2. Lei Penal para quem?
Em 1997, Galdino de Jesus dos Santos, um chefe indígena que estava de visita em Brasília, foi queimado vivo enquanto dormia numa parada de ônibus. Cinco rapazes de boa família, que andavam farreando, jogaram álcool nele e lhe tocaram fogo. Pensamos que era um mendigo, justificaram eles.[3] Um ano depois, a justiça brasileira lhes aplicou penas alternativas, pois não se tratava de um caso de homicídio qualificado. O relator do Tribunal de Justiça do Distrito Federal explicou que os rapazes tinham utilizado apenas a metade do combustível que possuíam e isto provava que tinham atuado movidos pelo ânimo de brincar, não de matar.
Alguns anos mais tarde, Maria Aparecida de Matos, 24 anos, empregada doméstica que só sabe desenhar o nome, mãe de dois filhos pequenos, completou mais de onze meses na prisão.
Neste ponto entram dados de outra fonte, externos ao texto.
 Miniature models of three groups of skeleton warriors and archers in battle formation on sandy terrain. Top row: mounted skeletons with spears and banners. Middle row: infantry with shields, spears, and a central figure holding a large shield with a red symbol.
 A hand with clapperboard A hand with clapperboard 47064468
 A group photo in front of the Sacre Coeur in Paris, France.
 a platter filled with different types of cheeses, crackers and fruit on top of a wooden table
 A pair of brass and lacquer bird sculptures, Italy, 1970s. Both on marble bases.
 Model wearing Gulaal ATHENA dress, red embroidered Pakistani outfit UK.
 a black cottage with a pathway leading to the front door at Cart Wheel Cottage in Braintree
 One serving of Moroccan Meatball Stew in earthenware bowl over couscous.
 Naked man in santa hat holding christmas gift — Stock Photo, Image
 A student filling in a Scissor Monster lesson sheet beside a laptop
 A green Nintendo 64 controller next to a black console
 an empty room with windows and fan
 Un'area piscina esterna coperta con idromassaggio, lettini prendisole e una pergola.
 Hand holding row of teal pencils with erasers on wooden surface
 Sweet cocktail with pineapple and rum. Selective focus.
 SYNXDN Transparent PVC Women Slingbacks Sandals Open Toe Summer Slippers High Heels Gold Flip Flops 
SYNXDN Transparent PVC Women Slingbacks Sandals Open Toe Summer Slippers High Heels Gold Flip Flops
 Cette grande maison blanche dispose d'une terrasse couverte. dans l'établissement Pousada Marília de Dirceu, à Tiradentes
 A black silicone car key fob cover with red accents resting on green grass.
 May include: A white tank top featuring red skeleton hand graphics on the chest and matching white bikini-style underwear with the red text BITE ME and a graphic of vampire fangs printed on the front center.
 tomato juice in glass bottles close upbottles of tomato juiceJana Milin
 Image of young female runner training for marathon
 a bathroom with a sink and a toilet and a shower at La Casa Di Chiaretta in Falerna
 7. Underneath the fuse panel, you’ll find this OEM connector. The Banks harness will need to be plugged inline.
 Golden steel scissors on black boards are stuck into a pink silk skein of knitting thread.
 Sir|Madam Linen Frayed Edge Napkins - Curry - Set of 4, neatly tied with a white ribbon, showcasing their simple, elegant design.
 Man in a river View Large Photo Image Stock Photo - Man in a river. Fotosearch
Ela foi acusada de tentativa de furto de um xampu e um condicionar, no valor de R$ 24,00 de uma farmácia de São Paulo. [4]
Maria Aparecida foi protagonista de uma discussão jurídica sobre a prisão para crimes de valor irrisório e de baixa periculosidade. Após esse longo período de isolamento, Ministros do Supremo Tribunal Federal defenderam a aplicação do princípio da insignificância[5]. Em 2004, o mesmo Tribunal suspendeu processos contra dois jovens, um de São Paulo e outro de Mato Grosso do Sul, em situações semelhantes à de Maria Aparecida. Um deles tinha sido condenado a dois anos pelo furto de um boné no valor de R$ 10,00. Outro recebeu a pena de oito meses pelo furto de uma fita de videogame avaliado em R$ 25,00.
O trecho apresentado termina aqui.